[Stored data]
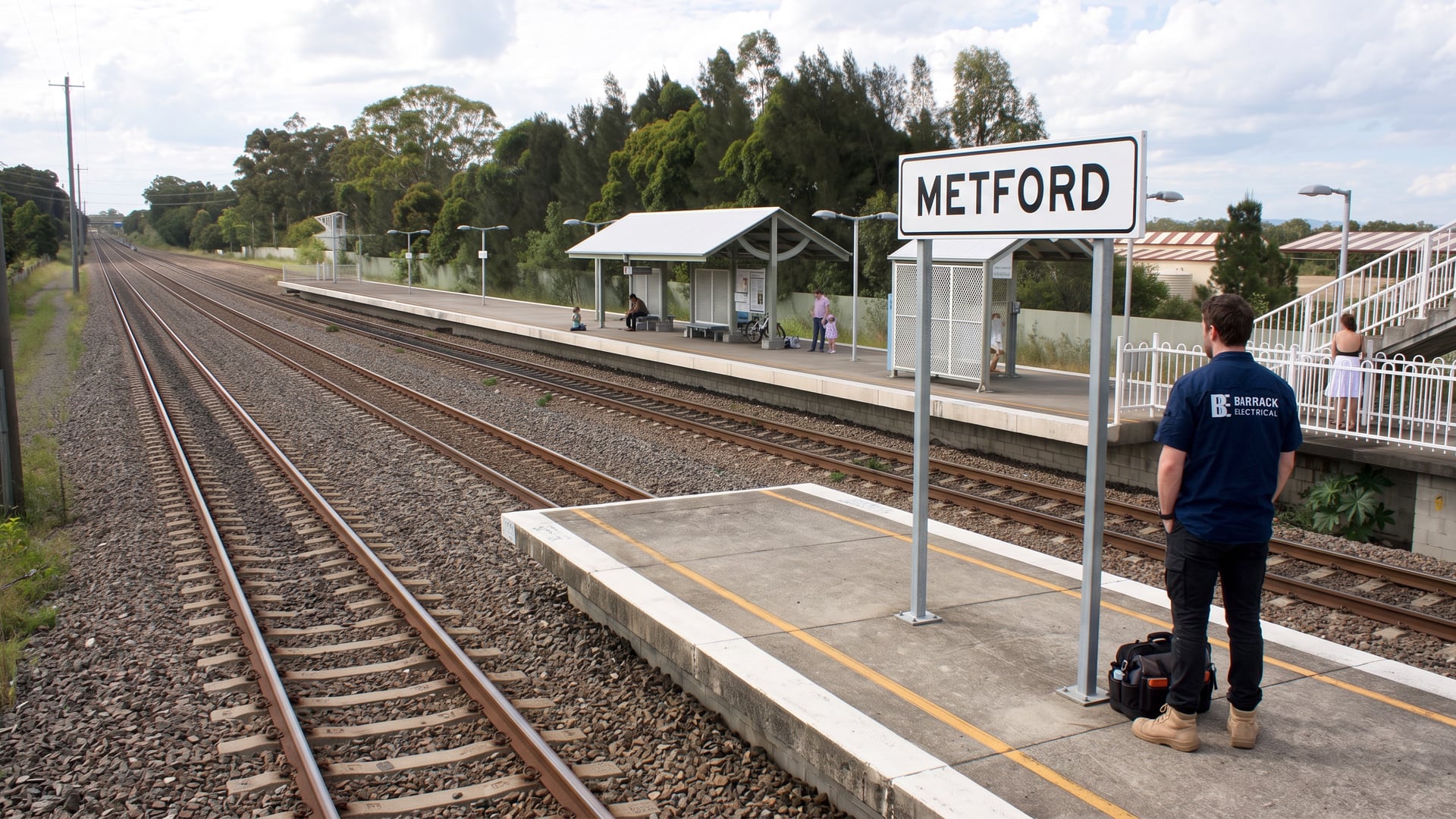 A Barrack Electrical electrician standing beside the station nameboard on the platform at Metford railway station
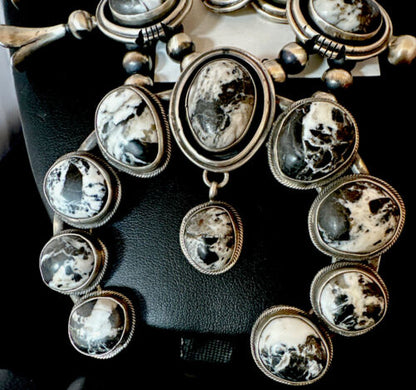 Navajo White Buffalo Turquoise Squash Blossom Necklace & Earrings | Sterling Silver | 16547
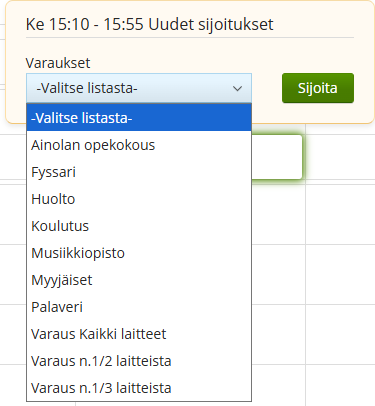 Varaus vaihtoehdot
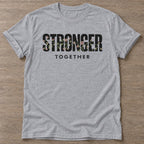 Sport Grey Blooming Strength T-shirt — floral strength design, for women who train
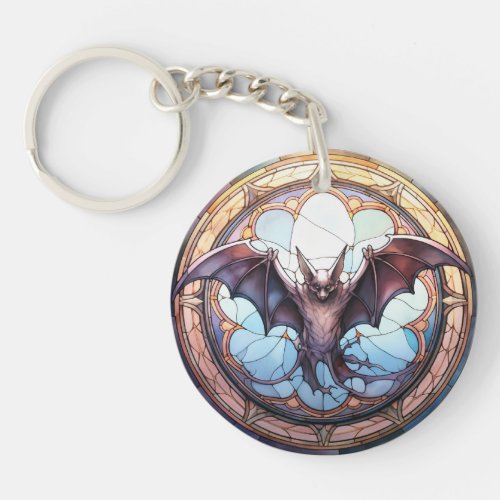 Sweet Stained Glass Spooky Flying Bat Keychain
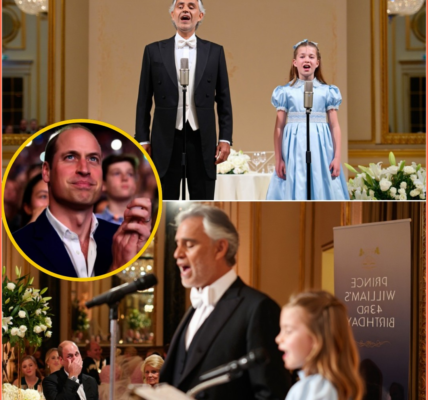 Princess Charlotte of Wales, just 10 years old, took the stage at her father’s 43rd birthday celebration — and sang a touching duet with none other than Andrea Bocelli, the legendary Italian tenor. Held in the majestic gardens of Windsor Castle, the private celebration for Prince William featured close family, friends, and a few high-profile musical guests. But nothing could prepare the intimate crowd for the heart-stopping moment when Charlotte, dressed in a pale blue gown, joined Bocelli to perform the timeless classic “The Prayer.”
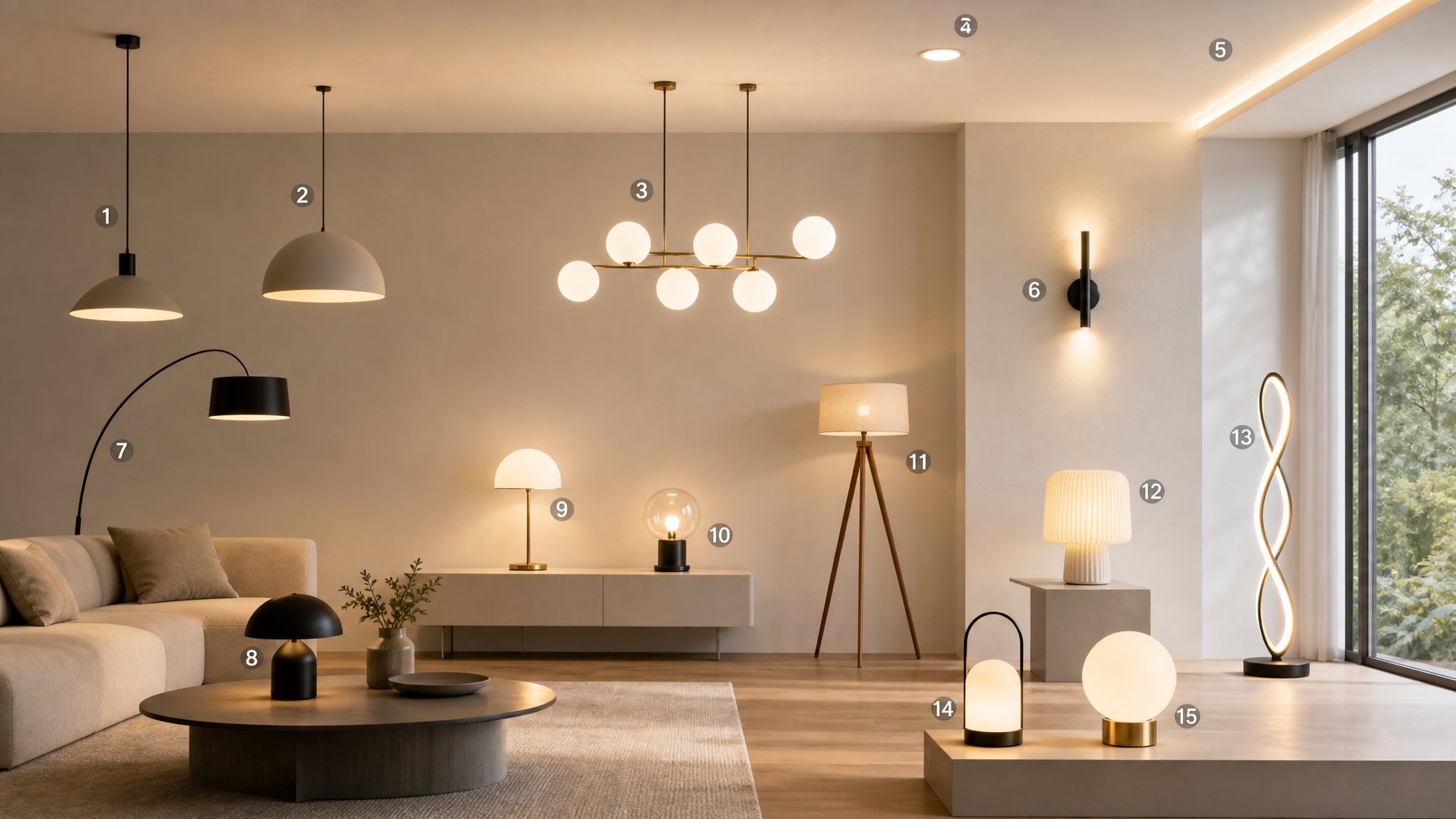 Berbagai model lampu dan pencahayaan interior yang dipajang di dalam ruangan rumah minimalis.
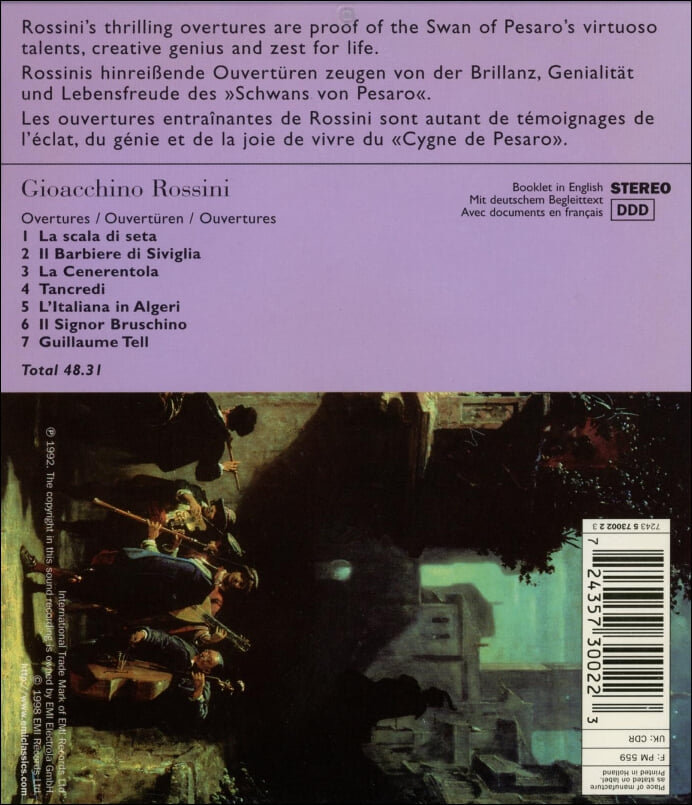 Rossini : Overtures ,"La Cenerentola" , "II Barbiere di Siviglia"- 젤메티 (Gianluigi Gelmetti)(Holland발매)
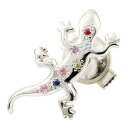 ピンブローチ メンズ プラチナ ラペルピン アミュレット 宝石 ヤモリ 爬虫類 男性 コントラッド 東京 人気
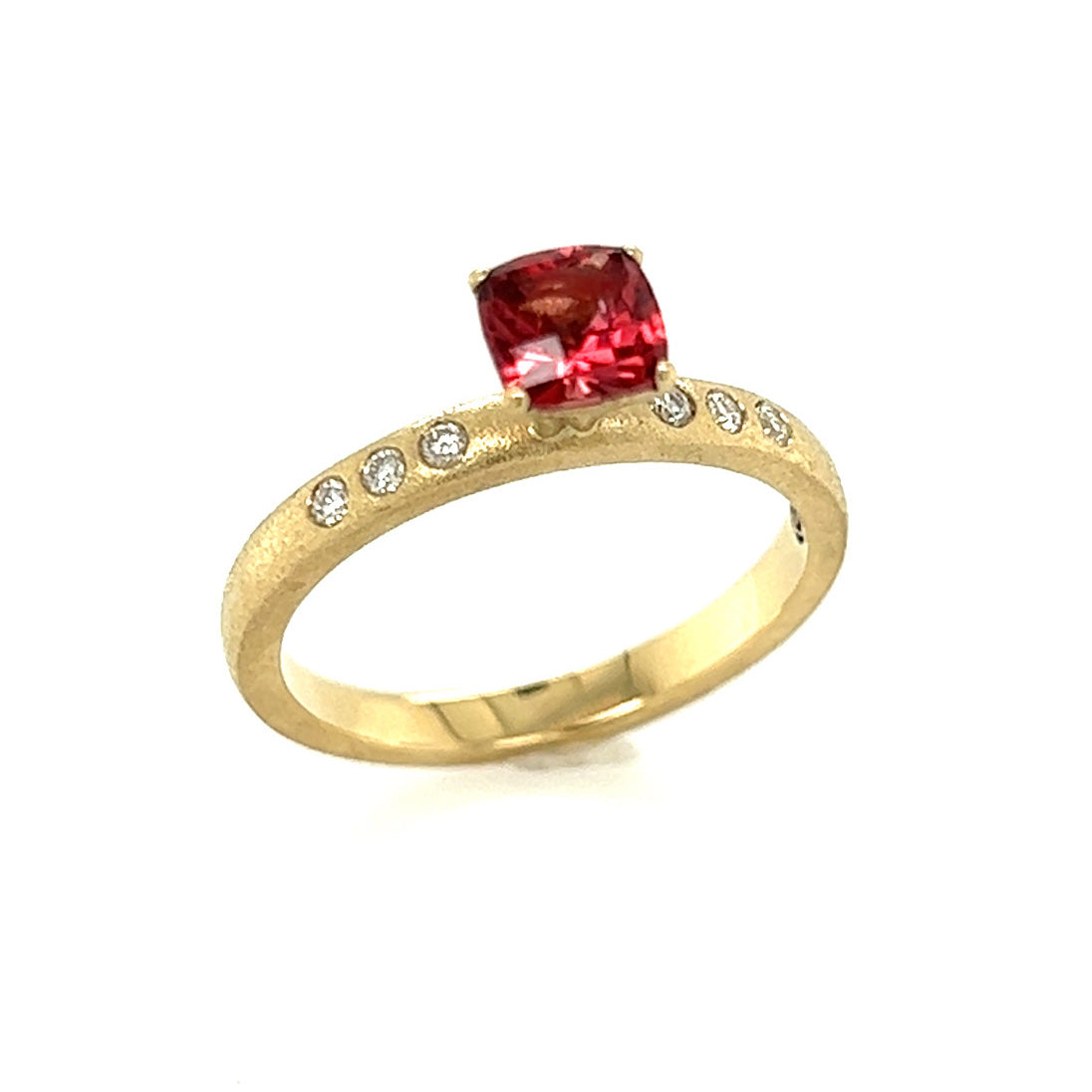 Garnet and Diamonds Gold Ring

- PROBLEM STATEMENT -
Print all the lines above exactly as they are, but without the pictures.

- RESULT -
 A Barrack Electrical electrician standing beside the station nameboard on the platform at Metford railway station
 Navajo White Buffalo Turquoise Squash Blossom Necklace & Earrings | Sterling Silver | 16547
 Varaus vaihtoehdot
 Sport Grey Blooming Strength T-shirt — floral strength design, for women who train
 Sweet Stained Glass Spooky Flying Bat Keychain
 Princess Charlotte of Wales, just 10 years old, took the stage at her father’s 43rd birthday celebration — and sang a touching duet with none other than Andrea Bocelli, the legendary Italian tenor. Held in the majestic gardens of Windsor Castle, the private celebration for Prince William featured close family, friends, and a few high-profile musical guests. But nothing could prepare the intimate crowd for the heart-stopping moment when Charlotte, dressed in a pale blue gown, joined Bocelli to perform the timeless classic “The Prayer.”
 Berbagai model lampu dan pencahayaan interior yang dipajang di dalam ruangan rumah minimalis.
 Rossini : Overtures ,"La Cenerentola" , "II Barbiere di Siviglia"- 젤메티 (Gianluigi Gelmetti)(Holland발매)
 ピンブローチ メンズ プラチナ ラペルピン アミュレット 宝石 ヤモリ 爬虫類 男性 コントラッド 東京 人気
 Garnet and Diamonds Gold Ring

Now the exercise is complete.